Parce qu’ils habitent au Nord, parce que le dogme, parce que Lars Von Trier, parce que Pelle le conquérant, on a tendance à coller aux Danois une image cinéma glaciale, oubliant Italian for Beginners (un dogma pourtant, signé Lorne Scherfig), Le festin de Babette de Gabriel Axel et les films pour enfants. Avec Suzanne Bier, on a le sérieux d’une histoire très bien racontée, mais un paquet d’émotions en gros plan qui n’ont rien de glaciales. C’est même du mélo solide. En vraie conteuse, cette fille sait nous embarquer sans nous lâcher. Dans Open Hearts, dans Brothers, elle avait déjà montré un goût pour les récits imbriqués et touffus, où plusieurs personnages principaux arrivaient à un point de non-retour, devant choisir un chemin sans se tromper.

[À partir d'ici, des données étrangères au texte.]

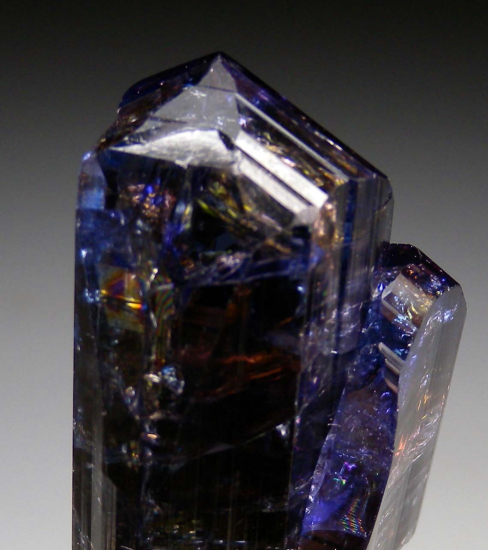 Tanzanite from Merelani Hills, Arusha, Tanzania [db_pics/pics/p366c.jpg]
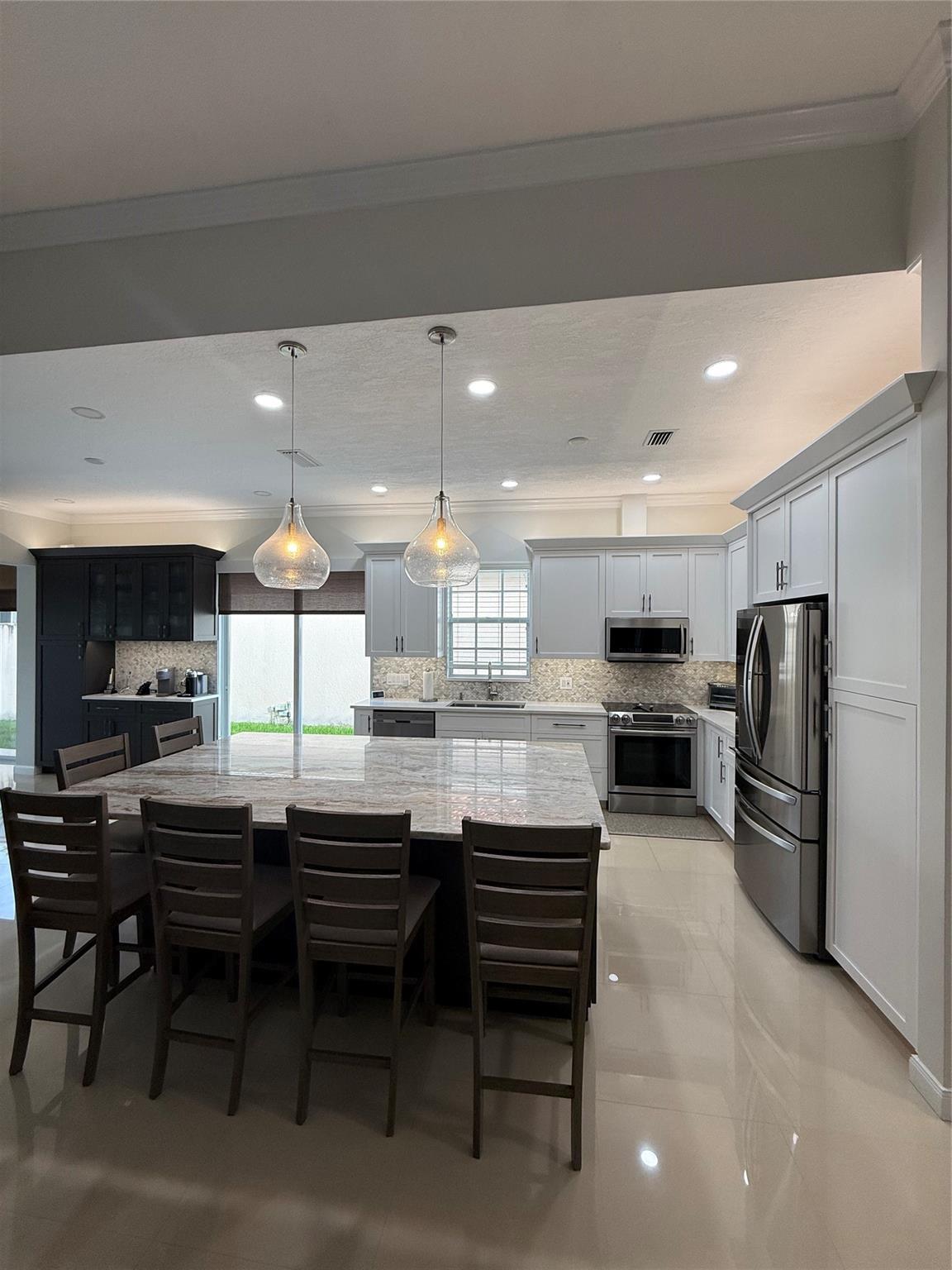 2752 Irma Lake Dr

C’est ce que doit faire Jacob (Mads Mikkelsen), un bosseur de l’humanitaire à Bombay qui se bat pour garder son orphelinat ouvert. Un mystérieux donateur le convoque au Danemark et l’invite au mariage de sa fille. On verra qu’il n’y est pas convié par hasard. Le talent de la réalisatrice est d’emprunter un chemin classique au départ, de placer des personnages dans des cases précises (l’humanitaire revenu de tout, le petit orphelin qui ne peut vivre sans lui, le richissime homme d’affaire plein de morgue, sa fille pot de fleur, etc.) et de tout faire basculer tranquillement au rythme des révélations et de la psyché humaine, qui est parfois lente à se retourner et à assimiler les nouvelles donnes. Surtout si elles sont fracassantes.

On se retrouve alors devant un film qui aime ses personnages. Jamais simples, jamais unicellulaires, les humains chez Suzanne Bier sonnent vrais. Très justes dans leurs réactions. Ce qui doit être un vrai bonheur d’acteurs devient un plaisir de spectateur avec des dialogues fournis et des comportements étudiés à la loupe. Suzanne Bier aime d’ailleurs beaucoup les plans macros de l’œil humide de l’humain larmoyant!

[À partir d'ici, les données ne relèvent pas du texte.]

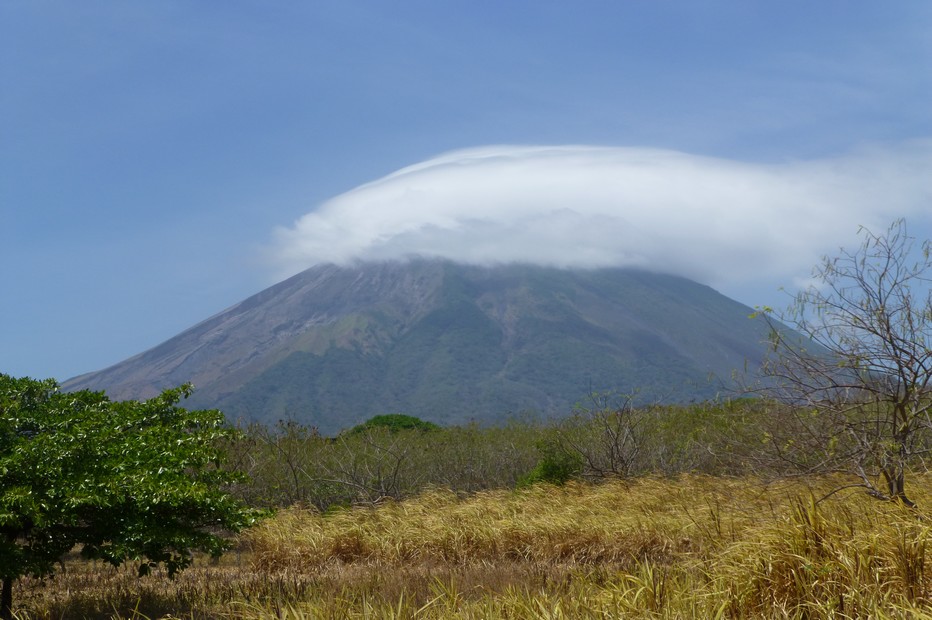 Volcan Concepcion sur l'île d'Ometepe. @ C.Gary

Ensuite, tout est question de goût. Si l’approche morale insistante de Suzanne Bier ne vous fait ni chaud ni froid, c’est tout bon. Car elle construit toujours ses films autour de la quête du bien et du mal. D’autres le font avec plus de nuances et de façon moins évidente. Avec elle, c’est le cœoeur de la question, du message et de l’empreinte à laisser dans la tête du spectateur. Cela fait d’excellents mélos.